## Data to use:
····················

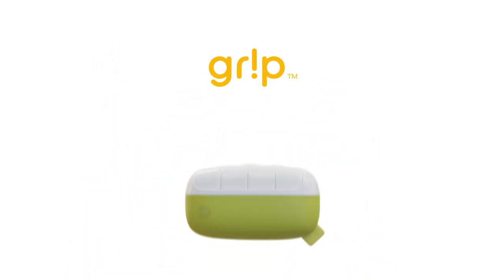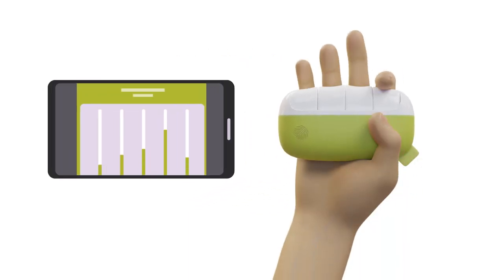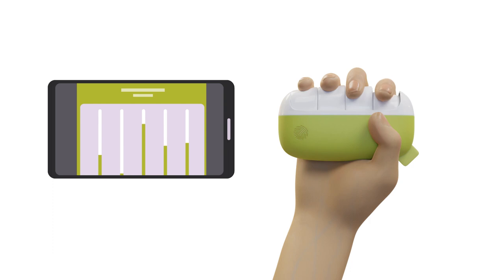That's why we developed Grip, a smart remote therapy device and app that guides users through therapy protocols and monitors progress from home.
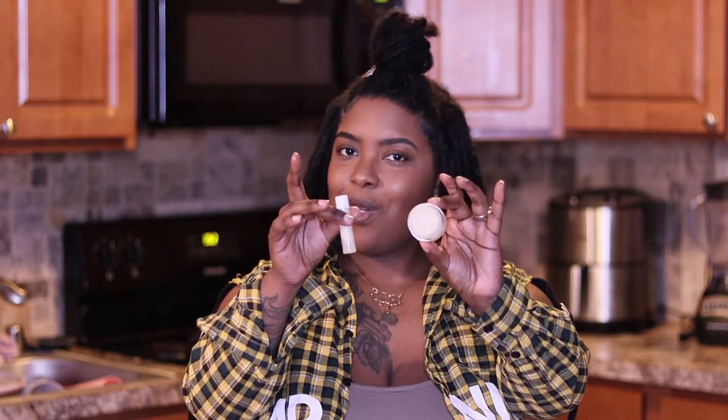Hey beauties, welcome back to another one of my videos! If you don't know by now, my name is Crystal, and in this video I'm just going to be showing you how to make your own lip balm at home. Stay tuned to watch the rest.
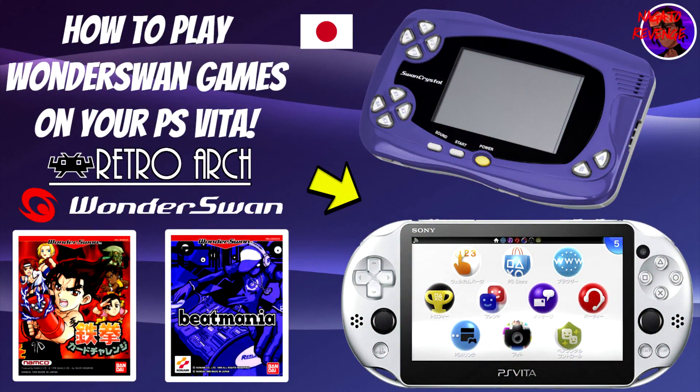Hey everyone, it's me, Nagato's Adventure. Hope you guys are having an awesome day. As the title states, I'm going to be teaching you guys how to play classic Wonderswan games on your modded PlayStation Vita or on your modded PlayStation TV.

····················

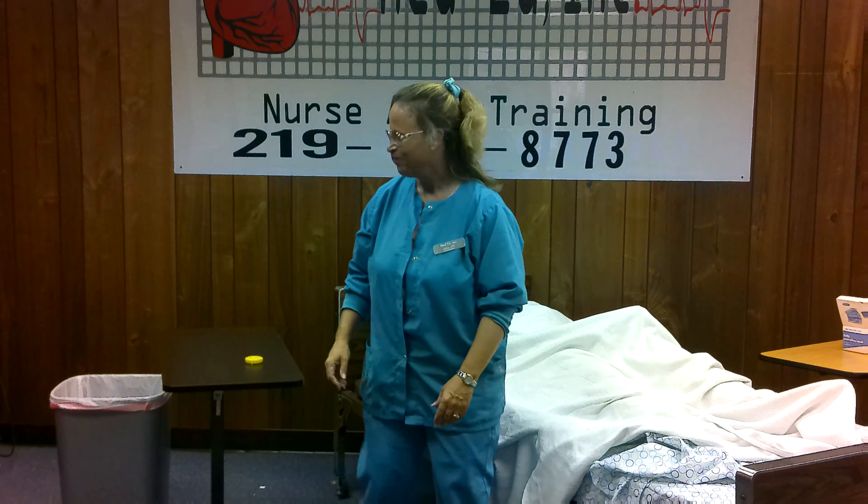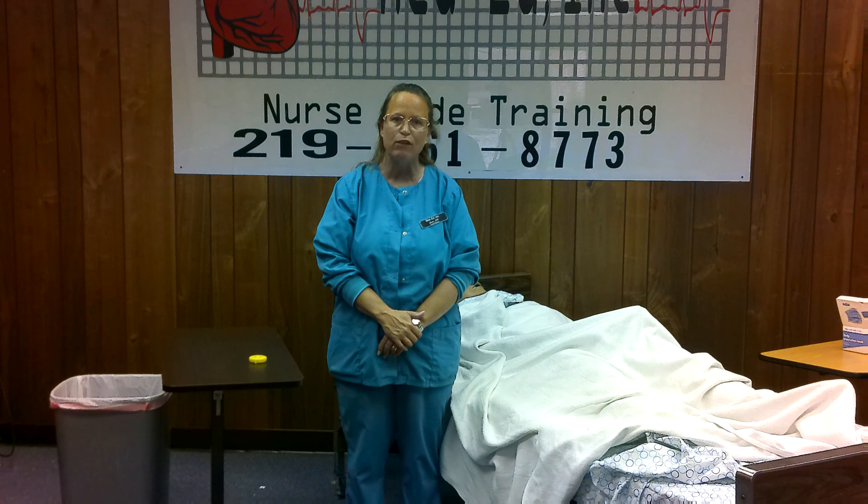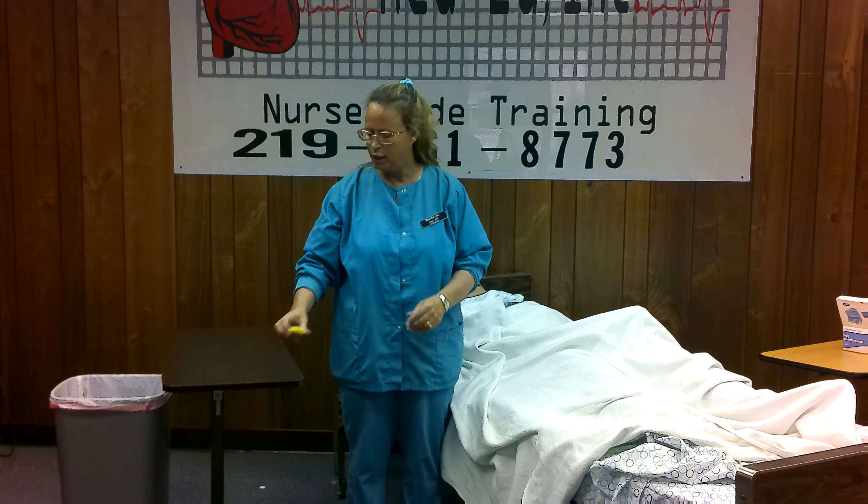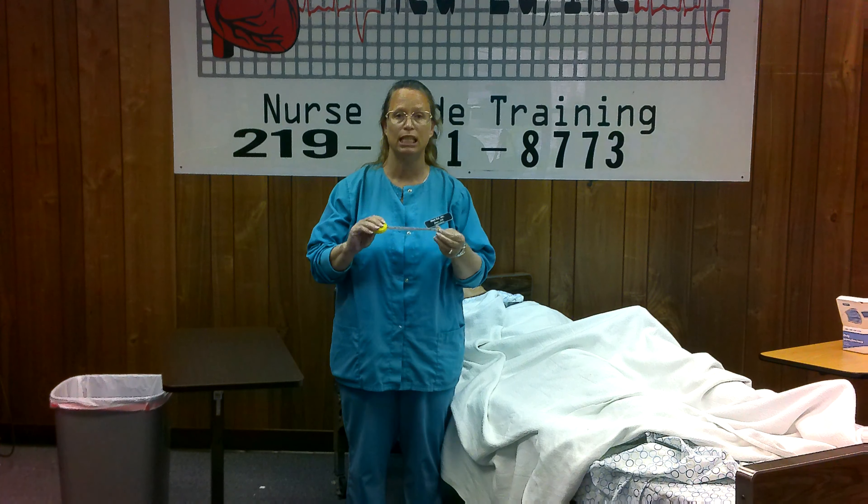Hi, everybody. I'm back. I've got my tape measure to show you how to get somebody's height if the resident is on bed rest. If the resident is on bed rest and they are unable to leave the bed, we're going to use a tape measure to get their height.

····················

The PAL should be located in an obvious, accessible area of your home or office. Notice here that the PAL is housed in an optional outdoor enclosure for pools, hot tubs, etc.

····················

## What you have to do:
Although the records hold pictures, the copy must not; give again exactly the lines from the one with "That's why we" through the one with "Hey everyone, it's".

## Finished task:
That's why we developed Grip, a smart remote therapy device and app that guides users through therapy protocols and monitors progress from home.
Hey beauties, welcome back to another one of my videos! If you don't know by now, my name is Crystal, and in this video I'm just going to be showing you how to make your own lip balm at home. Stay tuned to watch the rest.
Hey everyone, it's me, Nagato's Adventure. Hope you guys are having an awesome day. As the title states, I'm going to be teaching you guys how to play classic Wonderswan games on your modded PlayStation Vita or on your modded PlayStation TV.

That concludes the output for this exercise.